Mas o papel aceita tudo, portanto, estas políticas e diretrizes não devem ser uma cópia ou algo produzido às pressas “só para inglês ver”. Tais documentos devem ser elaborados buscando adequação à legislação aplicável, mas sempre considerando a complexidade e realidade dos negócios e, principalmente, não podem ficar no fundo de uma gaveta. Devem ser constantemente atualizados, adaptados, implementados, monitorados e divulgados.

  1. Monitoramento de Transações: sistemas de monitoramento de transações devem ser implementados para identificar padrões incomuns de atividades que possam indicar lavagem de dinheiro.

Há diversas soluções tecnológicas que podem auxiliar neste aspecto caso a decisão seja de não desenvolver algo internamente, até porque o foco principal deve ser a extração e venda de metais e pedras preciosas. Mas para que isso ocorra de forma responsável, é importante que as empresas possuam um piloto destes sistemas com notório saber e experiência no tema.

  1. Manter Registros: todos os mineradores devem manter registros detalhados de 100% das operações realizadas, incluindo informações sobre clientes, transações financeiras e documentos relacionados. Esses registros devem ser mantidos por um período mínimo de 5 (cinco) anos.

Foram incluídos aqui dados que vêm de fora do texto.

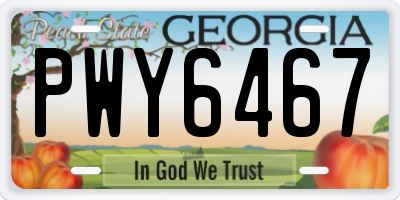 GA license plate PWY6467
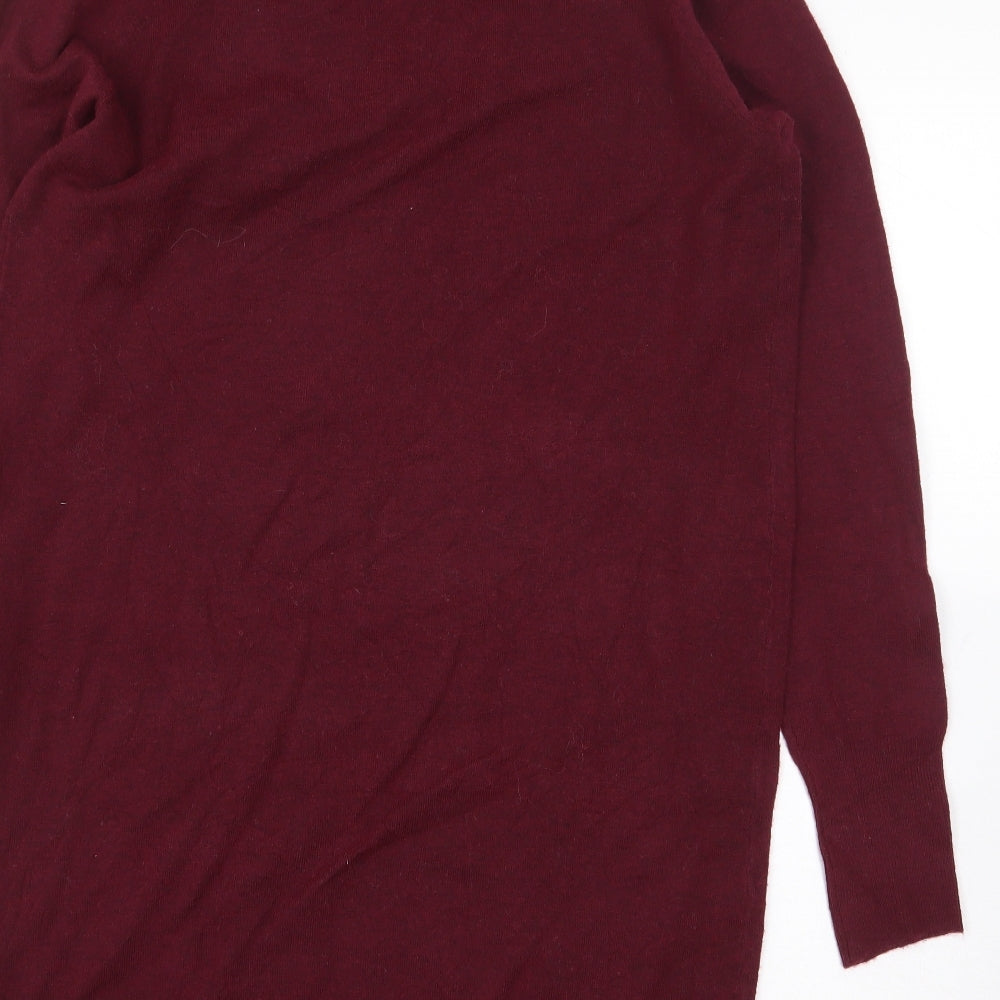 Primark Womens Red Polyester Jumper Dress Size XS Mock Neck Pullover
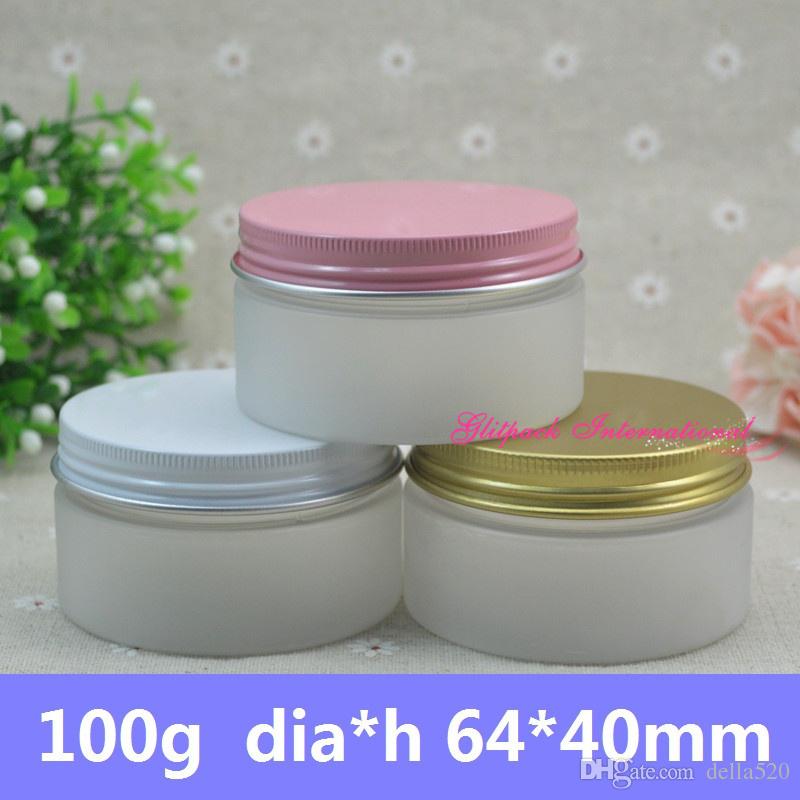 50pcs/lot 100g Froted Jar w/ Metal lids/pink/gold/white Round Empty Bottle 100ml cosmetic cream jars 3.5oz cosmetic packaging.
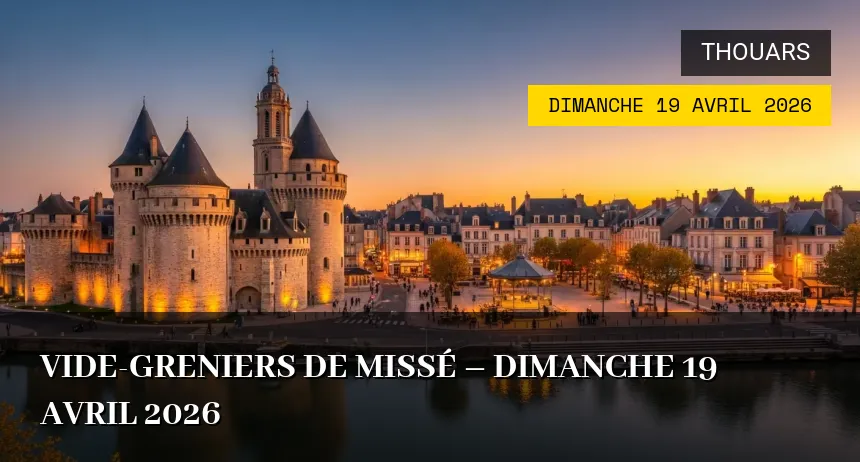 Affiche de l'événement : Vide-greniers de Missé – Dimanche 19 Avril 2026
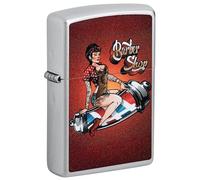 Encendedor Zippo a prueba de viento - Barber Shop Pin-up, Satin Chrome, Color Image - Recargable - Reutilizable - Diseño a prueba de viento - Caja regalo - Fabricado en Estados Unidos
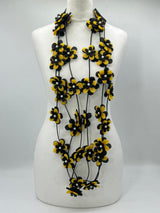 3 Strand Handmade Sakura Flower Necklace – Sustainable Floral Statement Necklace in Recycled Textile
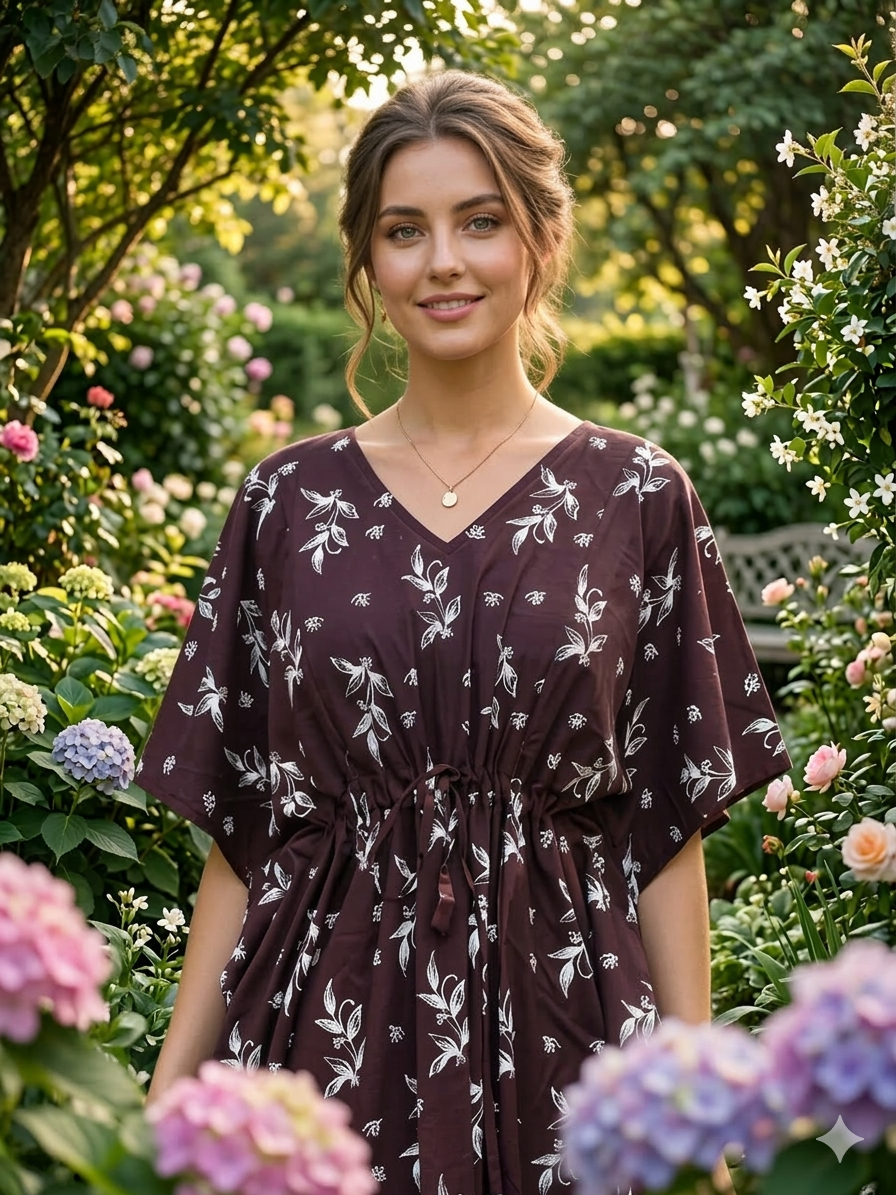 Floral feeding kaftans-wine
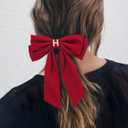 2Pcs Velvet Hair Bows Set  Red & Black Elegant Bow Clip & Long Ribbon Hair Clip, Personalized Hair Accessories for Women, Girls & Kids, Gift for Weddings, Birthdays, Christmas-J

Os sistemas ou até mesmo registros manuais devem permitir uma trilha completa de auditoria, arquivamento seguro e organizado, parâmetros e processos seguros de prevenção a fraudes ou comprometimento destas informações para o bom monitoramento de lavagem de dinheiro e para apresentação de informações consistentes aos reguladores, por exemplo.

  1. Comunicação de Operações ou Pessoas Suspeitas: As empresas são obrigadas a comunicar prontamente, às autoridades competentes, quaisquer operações ou pessoas que possam ser consideradas suspeitas de lavagem de dinheiro ou crimes correlatos. A depender do caso, tal comunicação tem que ser realizada em até 24 horas. Para comunicar de forma estruturada e que contribua com os esforços nacionais de PLD/FTP, é fundamental que o processo interno esteja bem definido, que haja uma apreciação colegiada dos casos suspeitos e, o mais importante, que isso seja baseado em um sistema sólido de monitoramento de cadastros e transações para detecção de tudo aquilo que fuja do habitual ou razoável.
  2. Auditorias e revisões periódicas: a Resolução exige auditorias e revisões regulares para garantir a conformidade contínua com as regulamentações. Isso promove uma cultura permanente de conformidade, permite a correção de falhas ou desvios nos processos internos e fortifica a governança interna.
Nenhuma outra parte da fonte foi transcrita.